- Chase B remix cover

Single by Travis Scott featuring Playboi Carti

from the album Utopia
- Released: March 12, 2024
- Recorded: 2023
- Studio: Abbey Road (London); Miraval (Correns);
- Genre: Rage
- Length: 3:11
- Label: Cactus Jack; Epic;
- Songwriters: Jacques Webster II; Jordan Carter; Khadimou Fall; Jahaan Sweet;
- Producers: Travis Scott; Jahaan Sweet;

Travis Scott singles chronology
| "Née-Nah" (2024) | "Fein" (2024) | "Type Shit" (2024) |

Playboi Carti singles chronology
| "Carnival" (2024) | "Fein" (2024) | "Type Shit" (2024) |

Music video
- "Fein" on YouTube

= Fein (song) =

"Fein" (stylized as "FE!N") is a song by American rapper Travis Scott featuring fellow American rapper Playboi Carti.

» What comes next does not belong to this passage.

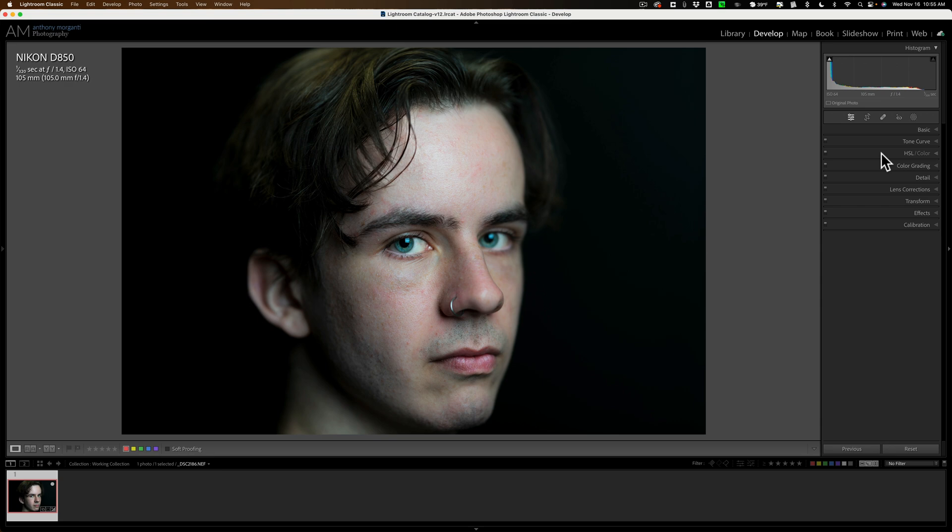I did heavier editing that I typically would have done on this portrait just so I could demonstrate the various tools to you, but that's how I would go about doing it in Lightroom. And I hope this helps you edit portraiture in Lightroom.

Produced by Scott, the song was written by the artists alongside additional producer Jahaan Sweet, and Sheck Wes, who has guest vocals on the original version of the song and the version shown in the movie Circus Maximus. It was originally released on July 28, 2023, as a track from his fourth studio album, Utopia, before later being sent to US rhythmic radio as the fifth single from the album on March 12, 2024.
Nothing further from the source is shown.